De harmonia com as disposições contidas nos arts. 676.º, n.º 1, 684.º, n.ºs 2 e 3, e 685.º-A, n.ºs 1 e 2, do Código de Processo Civil, na redacção aplicável, o objecto do recurso é delimitado pelas conclusões que o recorrente extrai das suas alegações, desde que reportadas à decisão recorrida, sem prejuízo das questões de que, por lei, o tribunal deva conhecer oficiosamente (art. 660.º, n.º 2, do Código de Processo Civil).
Em face do teor das conclusões formuladas pela recorrente, as questões opostas à sentença recorrida são as seguintes:
1) Quanto à decisão proferida sobre a matéria de facto, a recorrente impugna a resposta dada ao n.º 11 da base instrutória, no segmento que foi considerado não provado, o qual diz ter ficado também provado.
2) Quanto à decisão de direito, se a autora resolveu eficazmente o contrato e tem direito a receber da ré o valor das mensalidades em falta até ao termo do contrato.
São, pois, estas as questões que cabe apreciar.
5. No que respeita à impugnação da resposta dada ao quesito n.º 11 da base instrutória, diz a recorrente que o teor do documento de fls. 127 complementado com o depoimento prestado pela testemunha F………. impõem que o facto ali quesitado seja julgado como provado na sua totalidade.

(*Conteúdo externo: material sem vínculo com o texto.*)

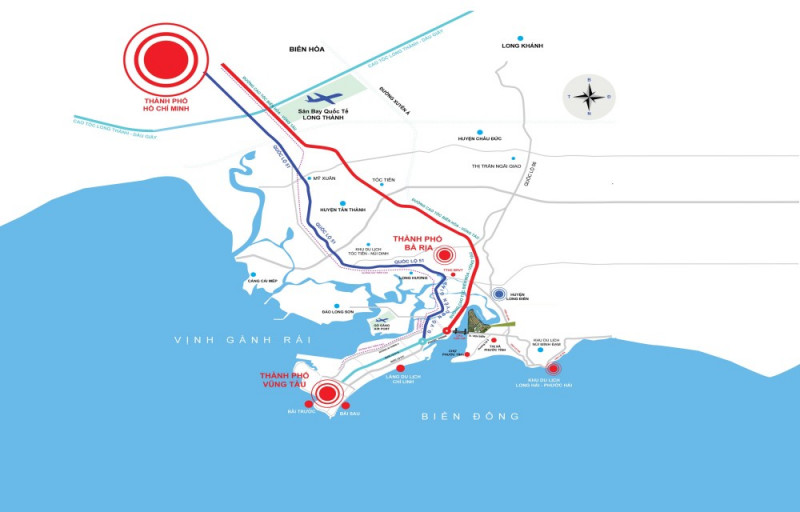 Tỉnh lộ 994 – Dự án giao thông quan trọng nhất Vũng Tàu 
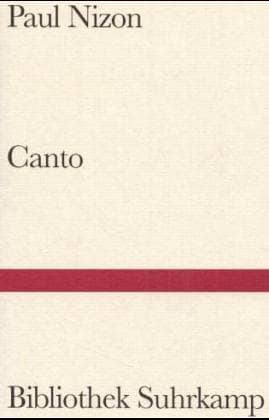 Cover image for Canto.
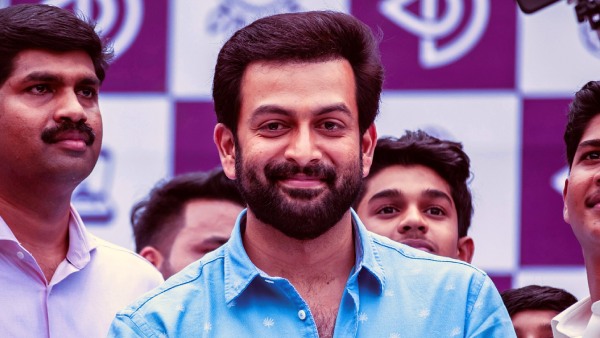 Prithviraj Sukumaran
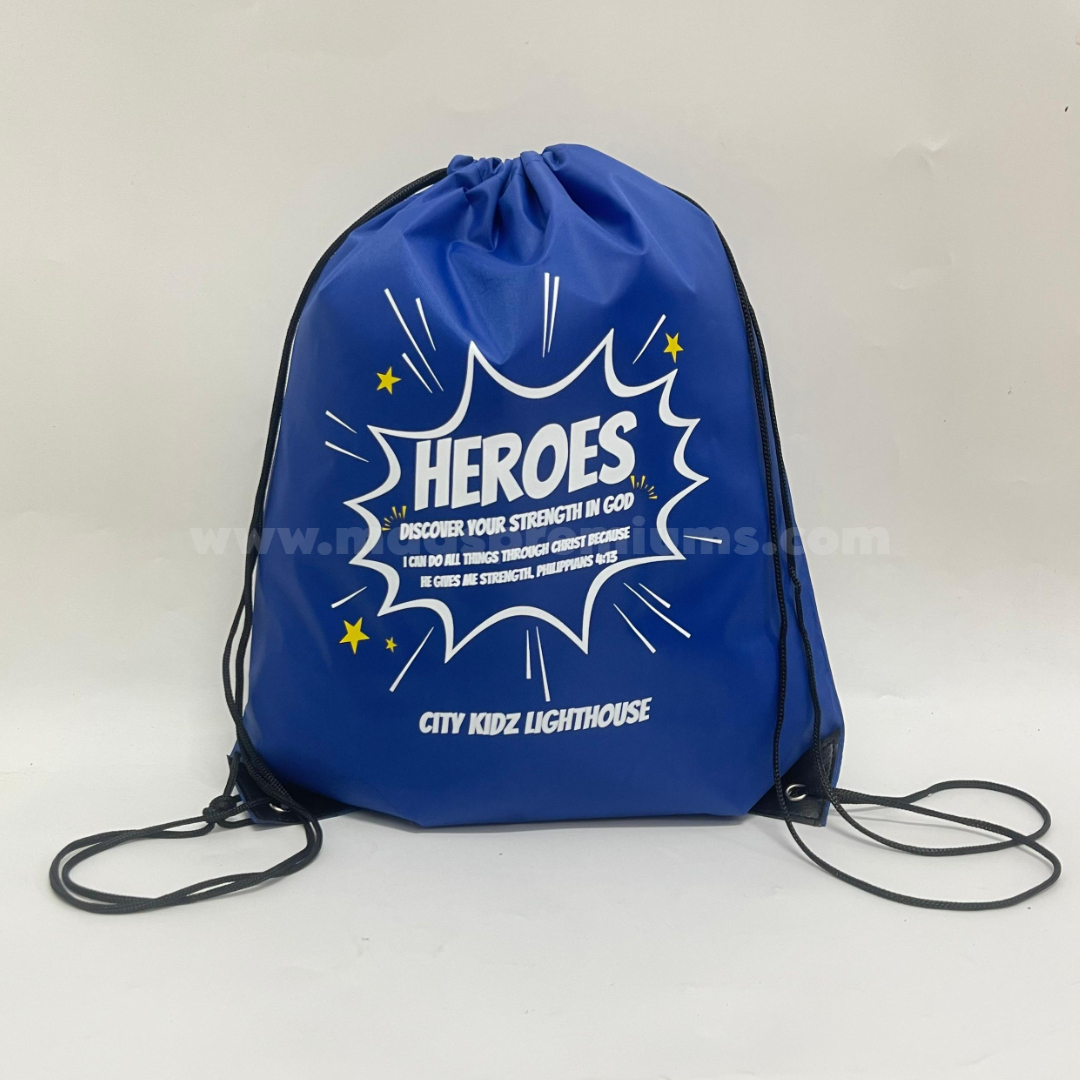 custom nylon drawstring bag custom nylon drawstring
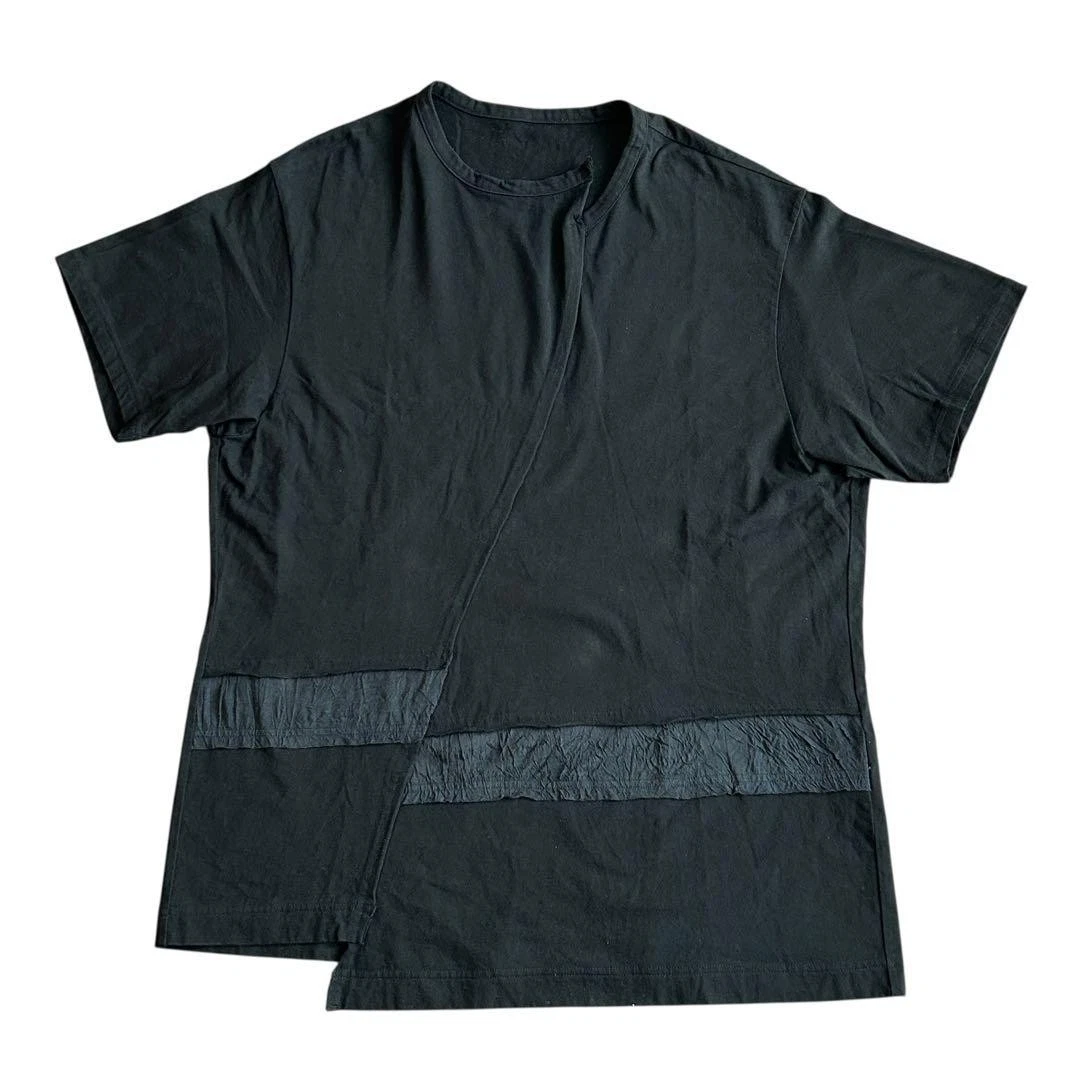 ▽Yohji Yamamoto old English Black T 【公式通販】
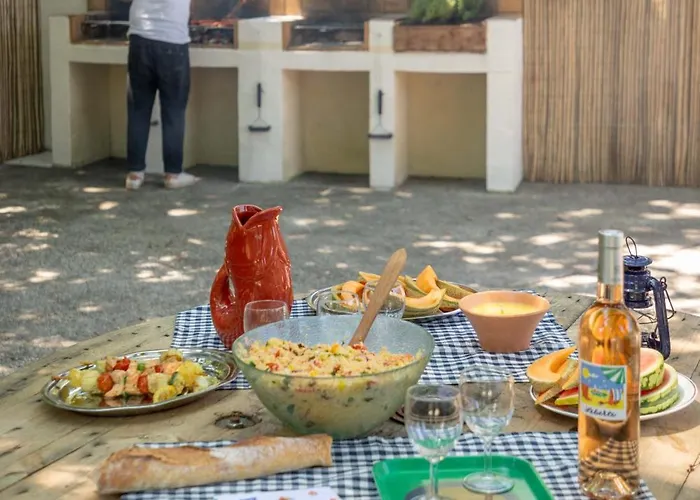 Camping Camping Liberte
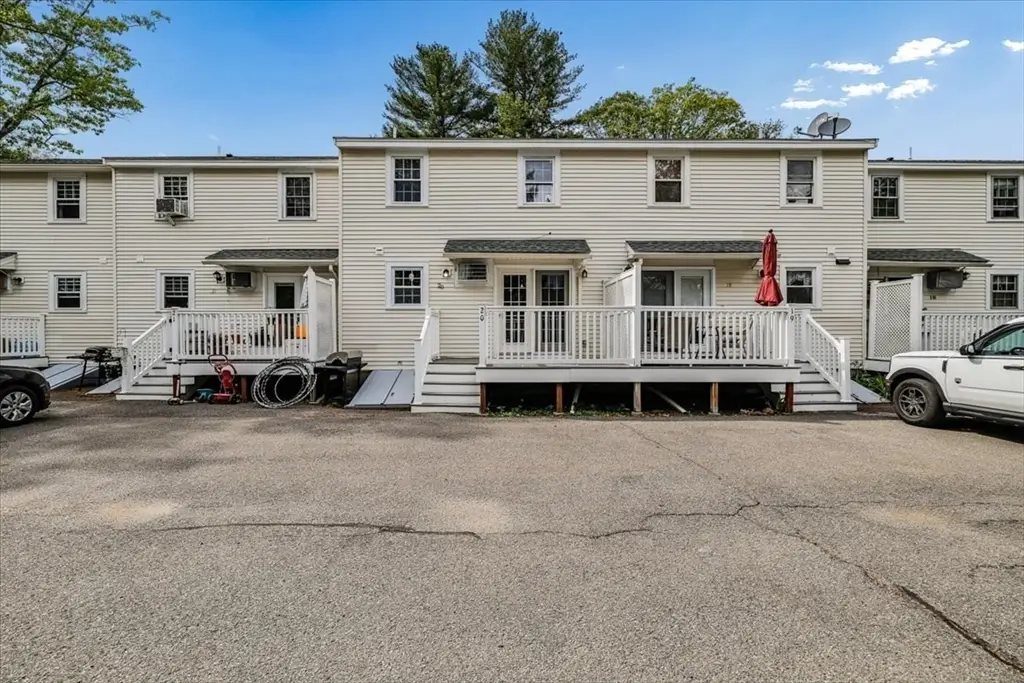 20 Olde Country Village #20, Londonderry, NH 03053 - #1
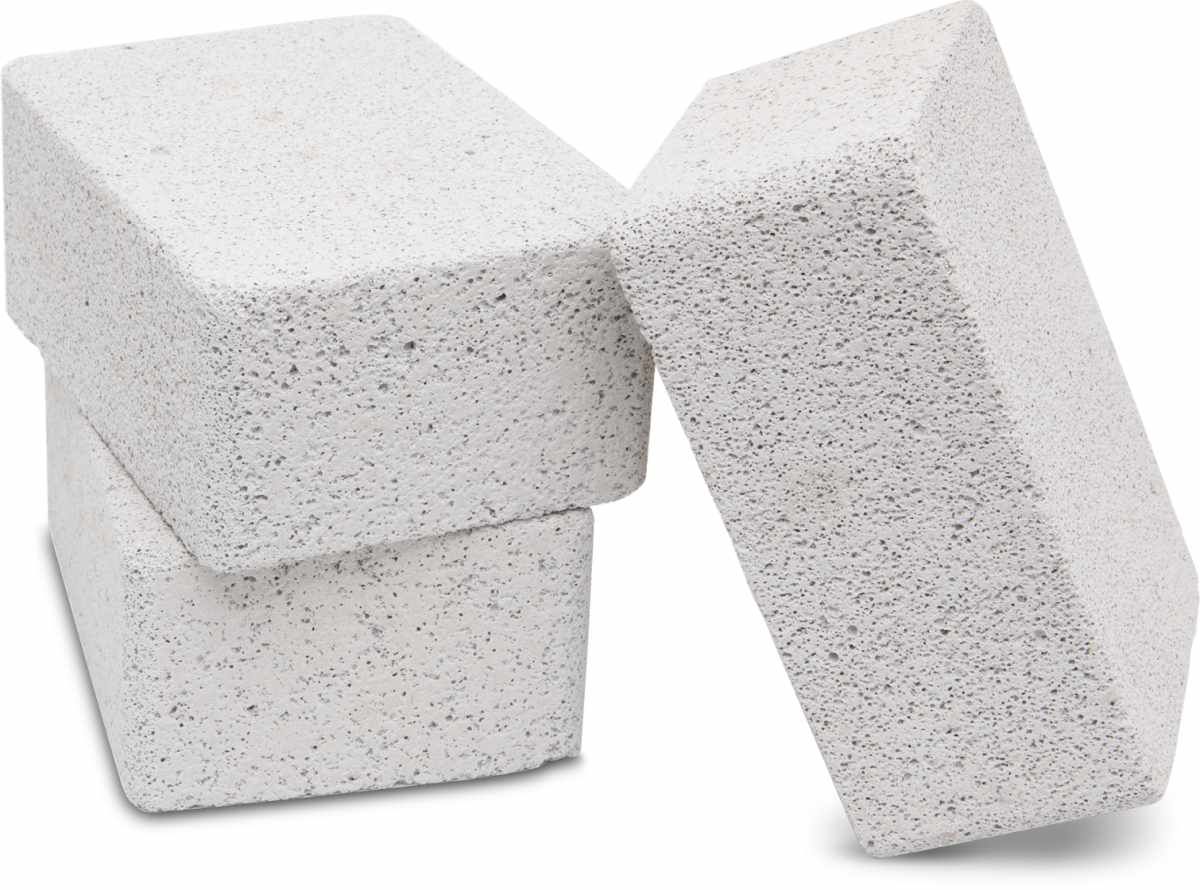 Weber® 3-Piece Griddle Cleaning Stone Replacement Pack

Incluindo, portanto, o segmento que refere que "a desactivação dos serviços foi previamente comunicada à ré", o qual foi julgado não provado.
Vejamos se lhe assiste razão.
O facto inserido no n.º 11 da base instrutória diz o seguinte:
"Sendo que a desactivação dos serviços foi previamente comunicada à ré após várias diligências para pagamento das facturas, nomeadamente pela celebração de um acordo de pagamento em prestações?"
O tribunal recorrido julgou apenas provado que "a autora fez várias diligências para [obter] o pagamento das facturas dos autos" e julgou não provado que "a desactivação dos serviços foi previamente comunicada à ré". Consignando, na fundamentação desta resposta negativa, que, em seu entender, "os documentos de fls. 127 e ss. não contêm qualquer comunicação de rescisão do contrato" porquanto "a fls. 127, a Autora limita-se a referir que «Na falta de regularização...reserva-se o direito de rescindir o contrato...». E, depois disso, ainda enviou várias comunicações à Ré em que apenas refere omissões de pagamento".
Como a recorrente faz salientar e consta do item 10) dos factos provados, a suspensão da prestação dos serviços e a sua posterior desactivação, em 03-03-2006, "em virtude do não pagamento das facturas aludidas em 7)", foram consideradas provadas na resposta dada ao n.º 10 da base instrutória. O que apenas está em causa apreciar, no âmbito da resposta parcialmente negativa dada ao n.º 11 da base instrutória, é tão só se, em consequência do dito incumprimento da ré e previamente à desactivação dos serviços, a autora comunicou esse facto à ré.
A recorrente diz que essa comunicação foi feita e é a que consta dos autos a fls. 127.
O tribunal recorrido apreciou o teor dessa comunicação e considerou que nela a autora apenas "reserva-se o direito de rescindir o contrato", mas não afirma nem impõe a rescisão do contrato como consequência imediata e automática no caso de não pagamento das mensalidades em dívida.
Assim, a discordância da recorrente com a resposta dada pelo tribunal de 1.ª instância assenta, essencialmente, na interpretação dada ao teor do documento que consta a fls. 127, complementado pelo depoimento da indicada testemunha, na parte em que se referiu a essa comunicação.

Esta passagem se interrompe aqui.